En circunstancias como estas, no puedo evitar sentir miedo y cierta soledad. Una soledad profunda que me hace escocer los ojos.

Es normal que los seres humanos lloremos. Lloramos por frustración, lloramos cuando la tristeza se vuelve insostenible, cuando el dolor en el pecho se agudiza y el nudo en la garganta es asfixiante. Lloramos cuando nos sentimos superados. Y yo, en este momento, me siento superado.

Pronto me doy cuenta de que estoy en un callejón sin salida, literalmente río. Río ante la ironía.

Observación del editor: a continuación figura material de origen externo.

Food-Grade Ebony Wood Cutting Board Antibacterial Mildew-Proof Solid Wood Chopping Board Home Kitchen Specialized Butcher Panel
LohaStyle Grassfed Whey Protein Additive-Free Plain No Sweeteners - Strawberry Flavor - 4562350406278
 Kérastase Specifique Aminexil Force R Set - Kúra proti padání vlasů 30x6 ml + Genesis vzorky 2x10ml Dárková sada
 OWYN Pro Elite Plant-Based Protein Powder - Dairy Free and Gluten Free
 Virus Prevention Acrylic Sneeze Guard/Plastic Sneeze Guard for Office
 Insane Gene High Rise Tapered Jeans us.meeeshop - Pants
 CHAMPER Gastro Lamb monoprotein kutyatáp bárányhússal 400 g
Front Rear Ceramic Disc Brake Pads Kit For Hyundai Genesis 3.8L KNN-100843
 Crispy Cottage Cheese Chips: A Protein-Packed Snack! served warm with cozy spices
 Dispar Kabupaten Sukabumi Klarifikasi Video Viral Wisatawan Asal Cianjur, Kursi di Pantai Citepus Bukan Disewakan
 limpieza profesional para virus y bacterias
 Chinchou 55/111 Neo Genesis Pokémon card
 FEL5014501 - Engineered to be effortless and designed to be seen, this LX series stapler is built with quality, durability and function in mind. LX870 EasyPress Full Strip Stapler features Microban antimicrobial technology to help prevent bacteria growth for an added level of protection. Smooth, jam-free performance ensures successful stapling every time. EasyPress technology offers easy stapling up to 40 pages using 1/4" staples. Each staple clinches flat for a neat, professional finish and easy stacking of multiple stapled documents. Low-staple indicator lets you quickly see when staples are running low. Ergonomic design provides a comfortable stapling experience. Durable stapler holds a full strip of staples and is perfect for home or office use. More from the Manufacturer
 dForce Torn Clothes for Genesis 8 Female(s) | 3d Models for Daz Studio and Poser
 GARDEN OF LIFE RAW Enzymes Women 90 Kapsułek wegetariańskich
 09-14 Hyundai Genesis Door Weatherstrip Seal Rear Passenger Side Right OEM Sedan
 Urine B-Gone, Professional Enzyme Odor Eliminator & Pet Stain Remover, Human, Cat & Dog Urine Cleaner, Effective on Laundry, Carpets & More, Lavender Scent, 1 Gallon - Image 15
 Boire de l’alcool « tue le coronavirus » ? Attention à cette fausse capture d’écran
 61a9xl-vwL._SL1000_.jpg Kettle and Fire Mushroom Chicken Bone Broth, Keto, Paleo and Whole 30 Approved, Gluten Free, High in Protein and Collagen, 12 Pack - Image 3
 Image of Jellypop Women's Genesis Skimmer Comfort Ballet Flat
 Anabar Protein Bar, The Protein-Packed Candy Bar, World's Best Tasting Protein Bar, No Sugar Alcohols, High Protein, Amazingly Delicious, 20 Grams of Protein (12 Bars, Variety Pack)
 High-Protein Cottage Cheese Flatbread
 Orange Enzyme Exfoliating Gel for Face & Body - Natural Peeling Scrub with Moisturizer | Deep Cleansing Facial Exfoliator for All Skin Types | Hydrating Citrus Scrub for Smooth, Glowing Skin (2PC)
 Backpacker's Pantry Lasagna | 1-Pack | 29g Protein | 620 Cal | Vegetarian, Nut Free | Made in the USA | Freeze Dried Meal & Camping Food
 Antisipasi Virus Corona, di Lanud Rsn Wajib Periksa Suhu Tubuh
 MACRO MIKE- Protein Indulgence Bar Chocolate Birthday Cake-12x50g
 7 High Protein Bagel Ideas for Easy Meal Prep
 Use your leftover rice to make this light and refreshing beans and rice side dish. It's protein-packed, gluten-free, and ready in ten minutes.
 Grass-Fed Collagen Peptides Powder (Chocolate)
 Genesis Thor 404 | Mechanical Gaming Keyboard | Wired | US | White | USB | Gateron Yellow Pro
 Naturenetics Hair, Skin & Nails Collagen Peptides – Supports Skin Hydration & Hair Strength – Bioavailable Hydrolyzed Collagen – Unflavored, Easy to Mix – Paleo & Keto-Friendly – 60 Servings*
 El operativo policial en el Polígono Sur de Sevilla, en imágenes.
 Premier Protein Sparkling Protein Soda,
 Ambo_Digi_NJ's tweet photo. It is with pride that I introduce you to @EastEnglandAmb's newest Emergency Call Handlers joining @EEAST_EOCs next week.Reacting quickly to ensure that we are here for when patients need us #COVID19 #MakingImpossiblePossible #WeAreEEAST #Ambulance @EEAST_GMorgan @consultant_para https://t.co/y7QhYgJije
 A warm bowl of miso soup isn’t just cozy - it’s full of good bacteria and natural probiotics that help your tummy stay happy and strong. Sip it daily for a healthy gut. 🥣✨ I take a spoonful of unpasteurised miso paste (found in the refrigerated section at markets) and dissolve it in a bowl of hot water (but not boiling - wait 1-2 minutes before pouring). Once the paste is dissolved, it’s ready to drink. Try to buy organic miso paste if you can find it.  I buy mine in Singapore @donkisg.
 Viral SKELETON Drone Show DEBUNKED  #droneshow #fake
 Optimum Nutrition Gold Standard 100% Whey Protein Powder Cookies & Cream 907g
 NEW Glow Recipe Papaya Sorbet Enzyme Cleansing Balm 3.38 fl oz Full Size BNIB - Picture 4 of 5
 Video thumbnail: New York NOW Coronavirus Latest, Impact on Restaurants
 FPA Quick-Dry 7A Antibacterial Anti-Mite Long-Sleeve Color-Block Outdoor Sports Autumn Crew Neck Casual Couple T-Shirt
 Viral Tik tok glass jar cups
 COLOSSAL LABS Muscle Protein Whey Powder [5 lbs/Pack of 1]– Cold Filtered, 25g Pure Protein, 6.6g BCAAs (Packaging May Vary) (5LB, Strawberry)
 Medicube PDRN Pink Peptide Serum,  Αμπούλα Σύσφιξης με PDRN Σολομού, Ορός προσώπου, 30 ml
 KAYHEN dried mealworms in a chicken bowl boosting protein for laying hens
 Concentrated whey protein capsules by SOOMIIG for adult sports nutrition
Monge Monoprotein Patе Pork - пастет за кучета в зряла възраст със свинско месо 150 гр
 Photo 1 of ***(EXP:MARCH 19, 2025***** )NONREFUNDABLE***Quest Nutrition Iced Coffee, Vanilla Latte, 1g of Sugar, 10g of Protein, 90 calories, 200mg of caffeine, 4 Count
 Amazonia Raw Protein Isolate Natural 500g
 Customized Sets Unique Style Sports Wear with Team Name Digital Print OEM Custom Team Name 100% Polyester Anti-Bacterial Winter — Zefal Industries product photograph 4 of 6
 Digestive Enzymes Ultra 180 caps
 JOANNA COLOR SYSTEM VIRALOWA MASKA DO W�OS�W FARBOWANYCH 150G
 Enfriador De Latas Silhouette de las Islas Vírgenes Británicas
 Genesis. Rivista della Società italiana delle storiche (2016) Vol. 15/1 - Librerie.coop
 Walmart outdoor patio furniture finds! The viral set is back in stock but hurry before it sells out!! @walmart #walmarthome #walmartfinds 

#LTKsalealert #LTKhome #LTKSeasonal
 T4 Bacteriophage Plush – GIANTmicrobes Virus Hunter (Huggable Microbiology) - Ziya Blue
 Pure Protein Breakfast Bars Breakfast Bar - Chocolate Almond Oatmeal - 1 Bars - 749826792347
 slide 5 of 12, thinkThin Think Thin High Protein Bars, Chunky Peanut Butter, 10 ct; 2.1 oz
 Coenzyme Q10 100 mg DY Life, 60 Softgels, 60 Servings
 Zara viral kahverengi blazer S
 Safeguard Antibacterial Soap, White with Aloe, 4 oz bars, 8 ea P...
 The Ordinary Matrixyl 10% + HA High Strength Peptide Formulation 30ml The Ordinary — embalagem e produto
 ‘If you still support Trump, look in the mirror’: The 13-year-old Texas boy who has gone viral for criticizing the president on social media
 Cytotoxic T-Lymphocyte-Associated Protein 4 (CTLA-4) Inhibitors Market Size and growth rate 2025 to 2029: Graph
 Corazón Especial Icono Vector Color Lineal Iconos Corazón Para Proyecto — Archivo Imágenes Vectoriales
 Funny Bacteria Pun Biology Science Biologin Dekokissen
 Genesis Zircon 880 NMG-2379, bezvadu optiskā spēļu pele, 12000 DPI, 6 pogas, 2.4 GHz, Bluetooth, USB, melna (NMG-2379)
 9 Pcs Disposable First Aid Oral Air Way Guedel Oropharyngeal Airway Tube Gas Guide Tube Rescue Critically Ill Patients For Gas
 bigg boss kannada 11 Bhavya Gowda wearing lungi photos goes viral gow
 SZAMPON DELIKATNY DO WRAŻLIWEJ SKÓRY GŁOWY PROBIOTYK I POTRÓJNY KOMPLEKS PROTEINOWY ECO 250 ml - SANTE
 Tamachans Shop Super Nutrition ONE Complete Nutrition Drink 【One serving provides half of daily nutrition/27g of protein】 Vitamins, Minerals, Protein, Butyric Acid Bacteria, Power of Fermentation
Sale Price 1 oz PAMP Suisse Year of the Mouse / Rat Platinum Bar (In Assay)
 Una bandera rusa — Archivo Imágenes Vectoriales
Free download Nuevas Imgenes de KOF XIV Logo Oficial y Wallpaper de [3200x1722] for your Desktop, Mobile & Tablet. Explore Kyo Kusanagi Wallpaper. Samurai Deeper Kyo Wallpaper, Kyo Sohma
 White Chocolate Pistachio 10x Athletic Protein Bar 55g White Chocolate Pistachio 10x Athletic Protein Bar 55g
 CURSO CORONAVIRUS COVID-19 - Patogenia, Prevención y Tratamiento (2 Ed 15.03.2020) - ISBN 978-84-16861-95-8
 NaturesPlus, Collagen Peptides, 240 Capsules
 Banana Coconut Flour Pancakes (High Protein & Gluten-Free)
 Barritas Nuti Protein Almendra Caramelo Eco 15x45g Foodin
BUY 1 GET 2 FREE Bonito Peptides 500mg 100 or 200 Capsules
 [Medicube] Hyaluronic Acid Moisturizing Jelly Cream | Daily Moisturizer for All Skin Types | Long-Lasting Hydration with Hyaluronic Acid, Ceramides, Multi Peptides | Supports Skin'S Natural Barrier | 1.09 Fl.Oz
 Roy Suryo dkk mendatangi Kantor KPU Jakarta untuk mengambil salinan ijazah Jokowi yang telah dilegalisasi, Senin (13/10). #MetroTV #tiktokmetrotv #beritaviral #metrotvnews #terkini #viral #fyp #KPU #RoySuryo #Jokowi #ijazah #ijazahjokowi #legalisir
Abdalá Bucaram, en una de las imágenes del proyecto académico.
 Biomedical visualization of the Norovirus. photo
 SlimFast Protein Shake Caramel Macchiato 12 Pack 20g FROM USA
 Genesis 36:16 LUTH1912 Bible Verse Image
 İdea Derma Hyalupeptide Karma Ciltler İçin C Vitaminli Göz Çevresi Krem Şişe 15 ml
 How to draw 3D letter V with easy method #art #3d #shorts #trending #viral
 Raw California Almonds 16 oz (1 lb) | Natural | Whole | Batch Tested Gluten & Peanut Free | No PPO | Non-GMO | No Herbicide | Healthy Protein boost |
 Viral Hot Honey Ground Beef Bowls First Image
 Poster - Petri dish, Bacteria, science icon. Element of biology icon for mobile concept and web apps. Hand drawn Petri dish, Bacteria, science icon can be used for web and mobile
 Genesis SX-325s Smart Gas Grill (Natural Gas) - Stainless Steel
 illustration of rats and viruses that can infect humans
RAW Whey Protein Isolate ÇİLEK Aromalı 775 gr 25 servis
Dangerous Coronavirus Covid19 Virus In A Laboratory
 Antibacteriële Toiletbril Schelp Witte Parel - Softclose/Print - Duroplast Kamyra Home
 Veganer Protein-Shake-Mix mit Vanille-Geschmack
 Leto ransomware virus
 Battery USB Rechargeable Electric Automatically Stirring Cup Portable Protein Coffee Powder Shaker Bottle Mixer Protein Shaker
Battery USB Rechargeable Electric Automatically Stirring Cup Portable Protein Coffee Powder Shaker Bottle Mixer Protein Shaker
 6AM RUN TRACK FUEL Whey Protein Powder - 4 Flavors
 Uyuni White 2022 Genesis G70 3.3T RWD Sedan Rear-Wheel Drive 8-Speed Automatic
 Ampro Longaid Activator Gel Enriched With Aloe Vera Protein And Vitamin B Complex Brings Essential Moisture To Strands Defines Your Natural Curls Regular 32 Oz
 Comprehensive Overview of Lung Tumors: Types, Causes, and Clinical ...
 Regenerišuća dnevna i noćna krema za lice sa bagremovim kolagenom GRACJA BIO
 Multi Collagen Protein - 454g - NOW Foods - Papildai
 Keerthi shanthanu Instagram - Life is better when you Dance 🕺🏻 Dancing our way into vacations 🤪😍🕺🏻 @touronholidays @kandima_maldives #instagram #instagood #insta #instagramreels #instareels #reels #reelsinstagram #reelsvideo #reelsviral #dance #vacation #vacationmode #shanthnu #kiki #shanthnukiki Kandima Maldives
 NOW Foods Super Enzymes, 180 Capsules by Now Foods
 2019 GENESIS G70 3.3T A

Río porque la vida se esmera en hacerme saber que estoy perdido, que ya no hay escapatoria.

 

Apoyo la espalda contra la pared de ladrillos y suspiro. Una brisa helada llega y recorre mi cuerpo en forma de escalofrío, provocando que me estremezca. De repente, sin invitación, una lágrima nace en mi ojo derecho y emprende un suave descenso por mi mejilla. Su hermana, al otro lado de mi rostro, no tarda en imitarla. Intento secar ambas con el puño, pero tampoco pasa mucho tiempo antes de que surjan más, y más, y más.

Comienzo a llorar. Lloro sin control, víctima de un instinto desesperado que me domina. Mis rodillas fallan y me desplomo sobre el suelo, sobre el asfalto que me recibe con su dolorosa indiferencia.

 

Dolor. Sí, esa es la palabra, o al menos una de ellas. Dolor, olvido, desconsuelo. Vergüenza. La vida se cruza de brazos y me da la espalda, como si no quisiera mirarme de frente.

Recuerdos. Los recuerdos me agobian, me consumen. Cientos de imágenes pasan a toda velocidad ante mí, como una película acelerada, como lo hace el pasado en los instantes previos a la muerte.